Konuşmasının en dikkat çeken bölümünde Atkins, “Günümüzde piyasada işlem gören kripto tokenlerinin büyük kısmı menkul kıymet değildir” ifadelerini kullandı. Bu açıklama, SEC’in önceki yönetimleri döneminde kripto sektörüne yönelik sert tutumundan önemli bir dönüş anlamına geliyor. Atkins, bir tokenın yalnızca blockchain üzerinde bulunmasının onu otomatik olarak menkul kıymet yapmadığını belirterek şu noktaların altını çizdi:
-
SEC, tokenları değerlendirmede Howey Testi’ni kullanmaya devam ediyor.
-
Ancak bu test, dijital varlıkların yapısına uygun şekilde daha esnek yorumlanmaya başlanacak.
-
“Tokenizasyon”, varlığın temel doğasını değiştirmez. Yani tokenize bir tahvil hâlâ tahvildir; tokenize bir hisse hâlâ hissedir.
-
Bir varlığa “token” veya “NFT” denmesi, onun yatırım sözleşmesi özelliklerine sahipse düzenlemeden kaçamayacağı anlamına gelir.
Atkins’in bu yaklaşımı, kripto sektöründe belirsizliğe neden olan “her şey menkul kıymet” bakış açısını yumuşatıyor.

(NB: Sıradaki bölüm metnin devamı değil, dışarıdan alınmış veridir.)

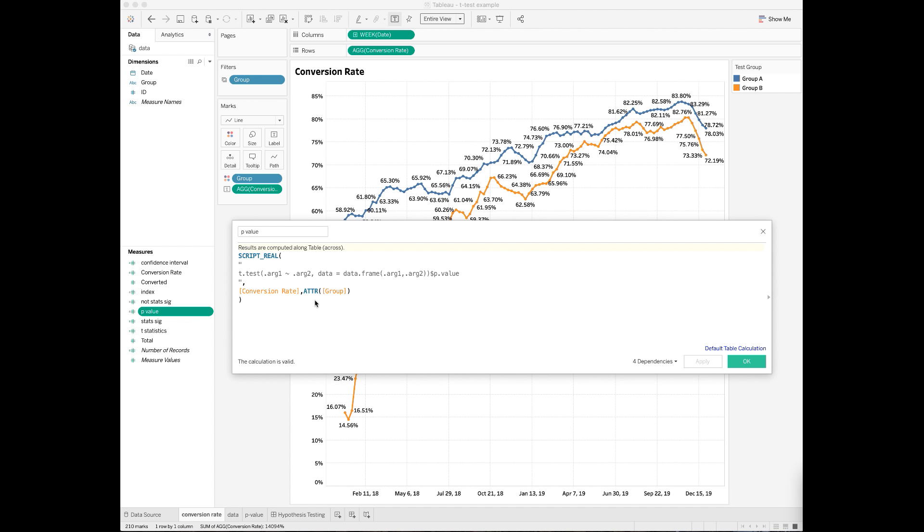Please note, I applied the ATTR function to the group variable. In Tableau, this will let you pass this field as an aggregation.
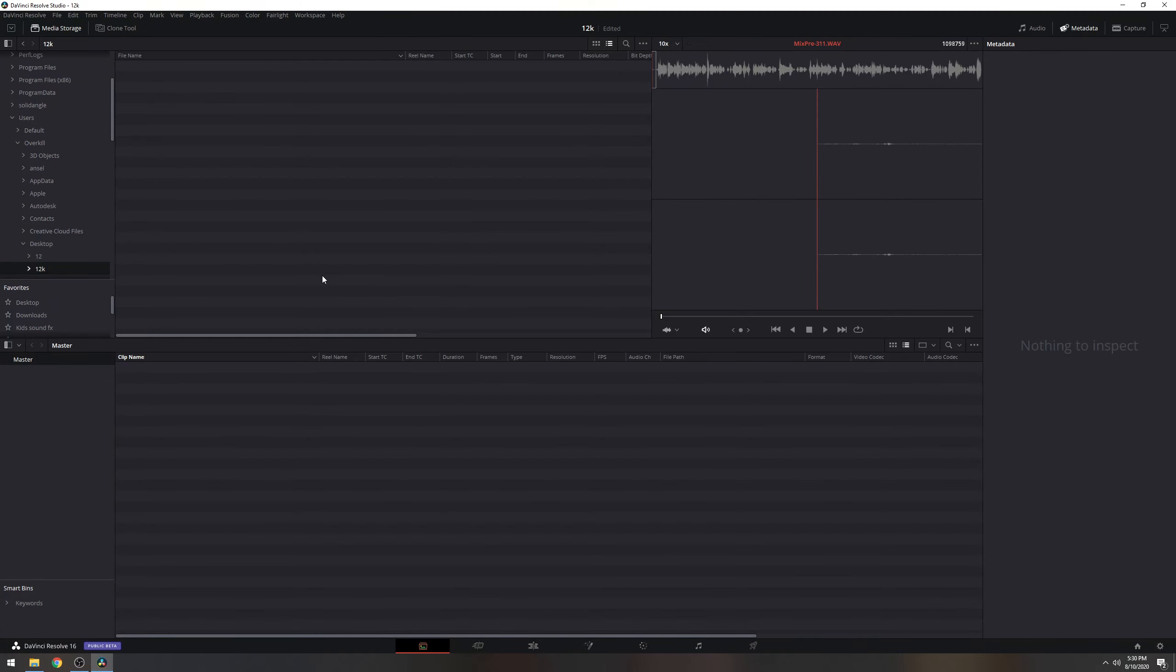Alright guys, so in this video we are going to be taking a look at DaVinci Resolve 16.3 Beta 2 for Windows. Now, three weeks ago when they announced the Ursa Mini Pro 12K, Blackmagic Design released a beta software for Mac users only. But today, Windows users can now edit Ursa Mini Pro 12K footage inside DaVinci.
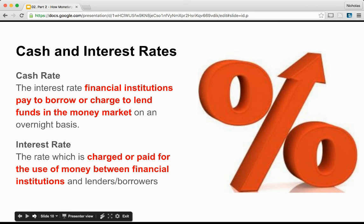The cash rate is the interest rate financial institutions pay to borrow or charge to lend funds in the money market on an overnight basis. The cash rate has a very strong influence on other interest rates and therefore helps set the level of short-term interest rates in the wider economy. Mortgage and business loans tend to move broadly in line with the cash rate. The interest rate is the rate charged or paid for the use of money between financial institutions and lenders and borrowers — so there is the cash rate between financial institutions, and then the interest rate which consumers pay.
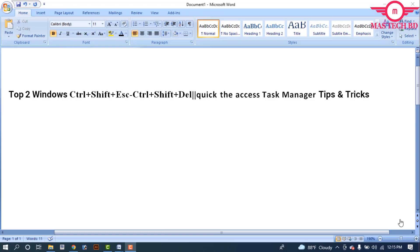Hello viewers, assalamu alaikum. How are you? Best wishes and congratulations to all from Master DD. I have brought a new video to this channel. This video is about top two Windows shortcuts: Ctrl+Shift+Esc and Ctrl+Shift+Delete to quickly access Task Manager and other tips and tricks.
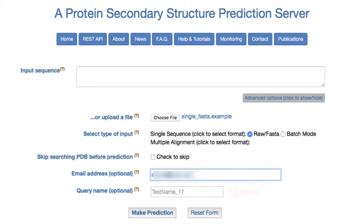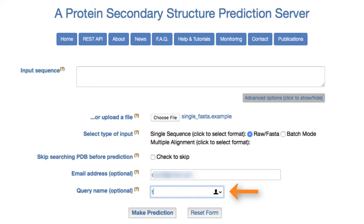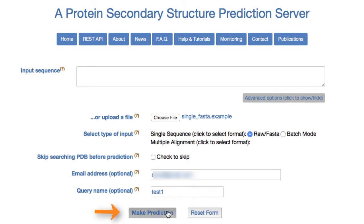The query name is used to identify the prediction. If no query name is given, then JPRED randomly generates a name. Note the query name should be alphanumerical characters. Finally, click the Make Prediction button on the webpage to submit the prediction.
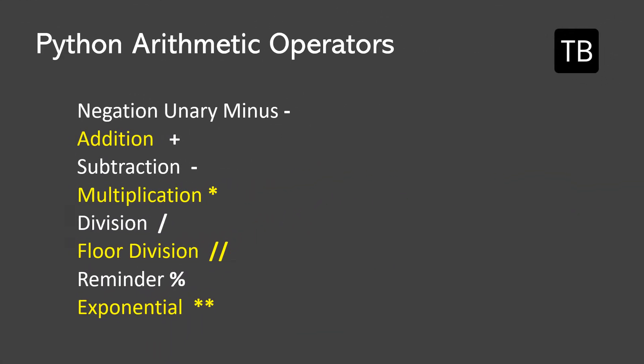To perform these mathematical operations, Python provides wide range of arithmetic operators. The arithmetic operators provided by Python are: negation we use unary minus, addition we use plus, subtraction we use minus, multiplication we use star operator, division we use forward slash, floor division we use double forward slash, reminder we use percentage, and exponential we use double star.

Yeni Token Sınıflandırma Çerçevesi: İki Temel İlke
SEC’in geliştirdiği yeni taksonomi çerçevesi, dijital varlıkların hangi yasal kategoriye girdiğini daha net belirlemek için iki temel ilke üzerine kuruldu:
- Tokenize geleneksel varlıklar, orijinal statülerini korur: Token haline getirilen tahvil hâlâ tahvildir. Bu varlıklar menkul kıymetler yasasına tabi olmaya devam eder.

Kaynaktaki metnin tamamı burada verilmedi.